Moving ahead (for them) to 1938 with Fats Waller’s I’ll Dance At Your Wedding with fabulous cornet, smooth alto sax, piano trickling between solos.

Robin sitting at piano with his reflection in piano top

Robin Verdier                              (file photo)

 

Rags were popular back in 1902, when Scott Joplin wrote Elite Syncopation.  At that time Rags were played on the streets of New Orleans.   Our own Scott Joplin, Robin Verdier,  handles the difficult syncopated melodic line with ease.  He played to a large, appreciative crowd!

 

 

A rarity, a collaboration between Cook’s Blame It On The Blues with Sidney Bechet’s Quincy Street Stomp, showed more fabulous ensemble, and clarinet skillfully trading 4’s with alto sax.

Bill on drums

Bill Reynolds

 

 

1924 Alabamy Bound, adept in this art of drumming, Bill Reynolds was tapping on the wood block.  Bill’s father, recently deceased Ed Reynolds, had a big influence on Robin Verdier and was responsible for at least five of the tunes this evening.

 

 

 

Al on tuba

Al Bernard

 

 

Bill Reynolds’ drums and Al Bernard’s tuba kept the rhythm burning.  Albie’s tuba sometimes becomes an extension of the Ensemble.

 

 

 

Dave’s drum introduced a 50’s jazz tune, Nullabor, probably named after a desert in Australia – maybe an aborigine song, with heavy drum accents. Nice clarinet by Craig, then outstanding ensemble, closing with more thunderous drums.

1927 Anabelle Lee was one of Ed Reynolds’ tunes.  Ensemble played in stop time in Sonny Clay’s 1931 Cho-King, featuring Bill’s choke cymbals.

My Baby Just Cares For Me 1930, That’s Where You’re Wrong 1929.   Everybody’s Doing The Charleston 1925 Tiny Parham’s Now That I Found You 1930.  Con Conrad’s 1921 Moonlight included a nice tuba solo with piano backing.

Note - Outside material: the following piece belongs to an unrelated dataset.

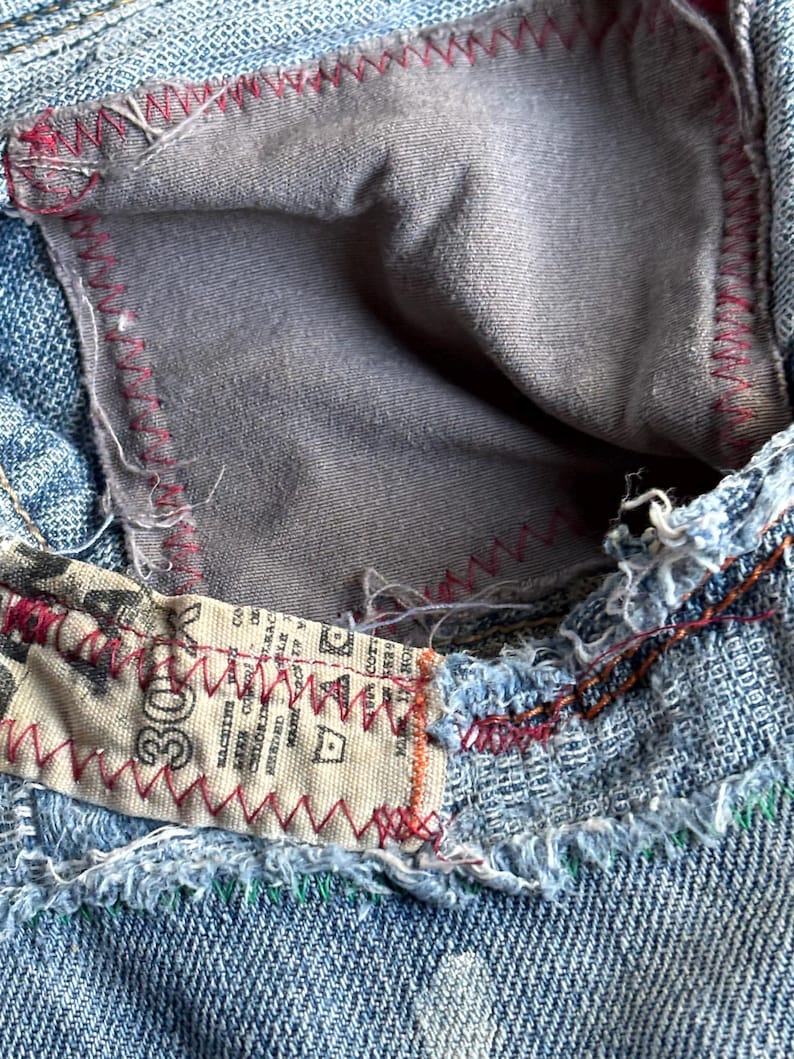 May include: Close-up of denim jeans with a visible pocket interior. The pocket lining is gray, and the seams are stitched with red thread. A label with text is sewn into the jeans with red stitching. The denim is a light blue wash.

I Wish’t I Was In Peoria, Walter Donaldson’s I’ve Had My Moments.  In Our Cottage of Love, Down Where The Sun Goes Down.

Mule Face Blues, nimble fingers flew across piano, Reynolds applying fine choke cymbal and drumming, the Front Line in distinguished ensemble that sets this group apart.

cornet, clarinet, alto sax

Monte Carlo Front Line: Bob MacInnis, Craig Ball, John Clark

They closed with When Lindy Comes Marching Home, written by George M. Cohan for pilot Charles Lindburgh’s  successful solo flight across the ocean.   The ensemble interpolated other Cohen tunes – we recognized Yankee Doodle Dandy.

This was a momentous moment for many reasons: John Clark had just returned from his Wolverine Jazz Band’s great reception at the Arizona Classic Jazz Festival.   This was Bob MacInnis’s last performance for this year in New England – he left for Florida the next day.  We’ll miss him until Spring.  And the future of Jazz at the Sherborn Inn is uncertain, as it is under new ownership in January 2015.  Just in case, we are searching for new venues.